Queenie chortles, “Bigger than that old pocketbook of yours!” She winks

and nods towards Rosemary’s purse,

sitting in navy blue like a pitched triangle tent, taught and erect with it’s straps standing straight as antennas

nestled on the counter cleavage of the two sink basins.

“That’s what ALL us girls need. A Hester Prynne Handbag. I can’t believe I never thought of it before.” Queenie beams.

Rosemary frowns,

like she’d absent-mindly forgotten to attend

THE awards ceremony;

the ONE for volunteering

where she’d be honored as the fastest

typist

of church notes

ever.

She digs

almost frantic

inside her purse

searching

until she apologizes.

“I’m helpless. I can’t seem to find a thing,” she confesses.

then removes a pocket-pack of kleenex tissues,

then sets aside a plastic rain kerchief,

then shakes her head at a small comb that should be ashamed of itself,

then comments on how a tube of chapstick isn’t it.

“I can’t for the life of me figure where it is.” Rosemary promises, “I use to have a very pretty pillbox. . .

It had roses which were red and

violets which were blue painted on the lid.”

“Sounds lovely.” Queenie interrupts, “But a Hester Prynne handbag should be designed with a little zipper pocket inside. Like mine.”

She reveals the practicality of her enormous shoulder bag to Rosemary

and with a quick zzzzzip… 

readily fishes out a tiny generic tin of aspirin,

clicking it open and holding it forward,

“Knock yourself out Granny,” she offers.

“Why thank you, dear.” Rosemary accepts, her voice full

of relief,

her trembling

fingers gingerly selective of just one,

she explains on account

of the high

milligram dosage and how she prefers

baby Ass-prin due to an esophagus that knows all 

too well,

by now,

acid reflux.

Rosemary cups her hand to receive the cool flow of faucet water into her mouth before the automated censor shuts off,

grimaces against the chalky wash of the pill

and straightens as much as her osteoporosis allows

some rush

past Queenie on a quest to alleviate

her current embarrassment

of a wet chin

only to become crestfallen

at a lack of paper towels

no matter how truly

scratchy, or nonabsorbent, or brown,

would still prove

at the very least

to be handy

since technology replaced their novelty with a push

button air dryer.

“I won’t nark on you, Granny. Just use your sleeve.” Queenie encourages her

and without thinking

Rosemary wipes her mouth across the cuff of her thin

navy blue and not very functional

nylon raincoat.

Queenie had stopped paying attention

to Rosemary and was again leaning over her sink basin to peer

into the the vanity

where she inspects

her hairdo, tilting and holding up

a face powder compact in order

to observe

the back,

one small mirror to another.

“Do you see any dried blood left in it, Granny?” Queenie asks.
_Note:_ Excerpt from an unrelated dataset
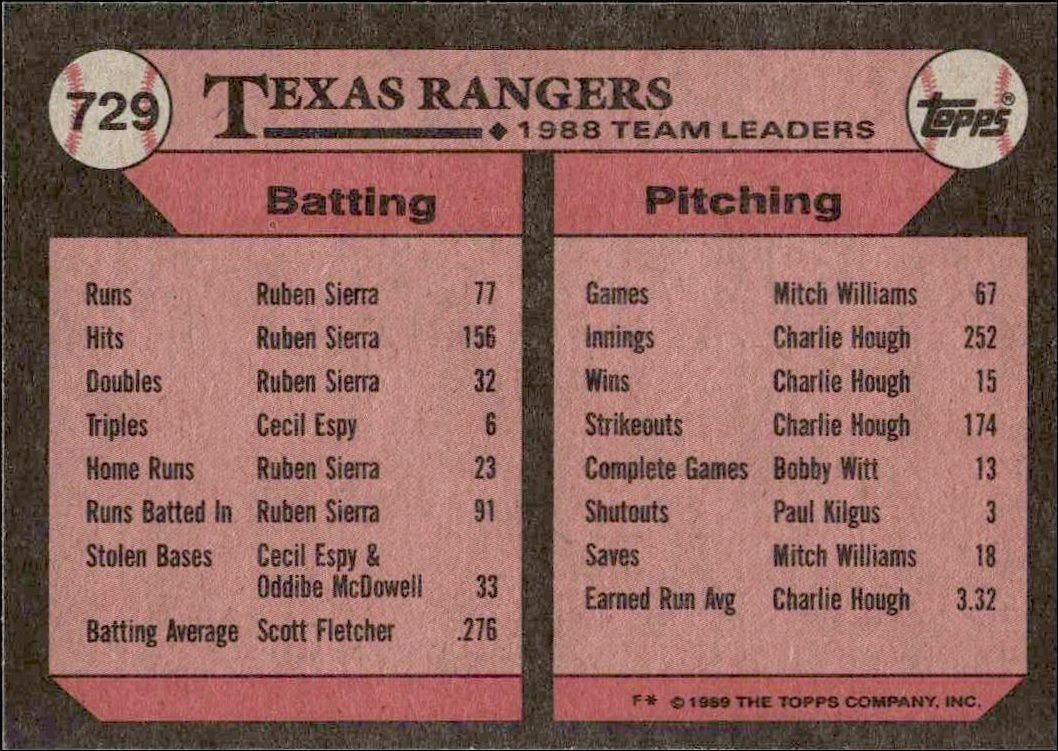 1989 Topps Texas Rangers #729 baseball trading card back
Rosemary startles, “Blood?”

“In my hair, Granny. Do you see any I missed? Talk about headaches!”

“No dear.” Rosemary reports quietly and shoots a quick glance at the door.
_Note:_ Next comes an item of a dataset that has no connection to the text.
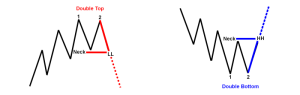 Chart Patterns - Double Top, Double Bottom, Head and Shoulders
“Dinner was ruined, needless to say.” Queenie informs Rosemary

and Rosemary appears at a loss

of comprehension,

of words,

of certain personal boundaries.

Queenie snaps

the compact shut,

tucks it inside her removable center

cosmetics pouch that remains fastened

to her shoulder bag as if by an umbilical cord,

and boasts,

“Never have to rummage! A Hester Prynne handbag should be so lucky.”

Whether to be or not

to be

teased, Rosemary is certain

she should remain composed

until a sign presents itself regarding proper conduct

and which course of action

she will follow.

“And see?” Queenie bursts with enthusiasm,

“If I just want a little tote,

Behold!

The magic

of velcro!”

She peels apart the fastener straps,

prickling and

crackle-ripping apart

as a demonstration

for Rosemary to marvel at.

“Easy peasy.” Queenie winks, “And YOU know what they say. . .”

Rosemary shakes her head.

“If velcro’s good enough for Ass-tro-nauts it’s good enough for your Hester Prynne handbag!”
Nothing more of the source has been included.